Close your eyes for a minute and try to tune into as many sensations as you can. For me, I can hear my baby breathing softly as he naps. I can hear someone in the kitchen putting their dishes in the sink. I can hear that person walk away to the other side of the house. I can hear the ceiling fan squeaking in the next room. I can hear the blinds tap tightly on the window. I can hear the fan in my room turned on max to help drown out the other sounds. Despite closed eyes, I can see shadows through my lids. I hear people talking and laughing. I can hear my neighbor working in his yard. I feel the chair beneath me, the floor under my feet and my hands on my lap. I can feel my hair touching my face, neck, shoulders and back. I can feel a slight ache in my knuckles from wanting to be cracked. I feel and taste the sensation of saliva in my mouth, my tongue against my teeth and teeth against my cheeks. I can feel wind from the fan blowing against my face.
It is like this all the time for people who are like me. They have a term for it now; its called being a Highly Sensitive Person (HSP). Basically it means that my nervous system is finely tuned, so much so that I lack a filter that many people use to bypass this much information. Highly Sensitive People process stimuli more thoroughly than most people. People who are HSP have difficulty being in crowds, as well as managing stress, physical pain and time constraints. Bright lights, loud noises, violent images, strong scents, and stimulants like caffeine are more upsetting for the HSP. We also don't do well with change.
My mother affectionately tells a story about how I refused to wear socks unless the inseam was perfectly across my toes. I would melt down into a pool over tears and overwhelming emotion because of the inability to block out the sensation that something was forever stuck in my shoe if the inseam curved around the underpart of my foot. I've never been one to drink coffee or sodas. When I used to work retail, every once in a while the bright, fluorescent lights would give me a migraine so strong I couldn't see well and became very nauseated. And I would be lying if I said I adapted well to big or sudden changes.
There is a plus side to being HSP. People who are HSP are more tuned into others. They can read body language, hear vocal tones and pick up on subconscious cues better than the average person. This allows them to be very empathetic, and excellent at building emotional bonds. They tend to be better at communication skills. They are deeply moved by things artistic as well as nature. I think that its possible to learn how to manage the negative side effects while still being able to enjoy the positive ones.

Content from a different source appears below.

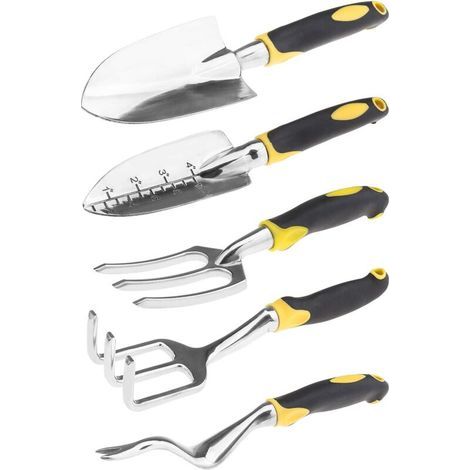 5pcs Ensemble d'outils de Jardin, Plantation à la Main Intérieure et Extérieure pour Jardinier Débutant (Alliage d'Aluminium) (1/4)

In Hypnosis, HSP is referred to as "hyper-suggestible". To hypnotize someone, you overload their message units and one way of doing this is overwhelming the senses. Someone who is so sensitive to their environment is overwhelmed easily. A lot of the time, they're walking in a hypnotic-like state half the time anyway. Utilizing hypnosis, you can strengthen the critical filter or build up some kind of barrier to help block some of the information that comes through. Then you can instill something of an -on-and-off switch so that you can still access it when its convenient for you. We do live in a fast pace, aggressive world. But there is a place for people who are HSP. Its just important to give them tools to protect themselves.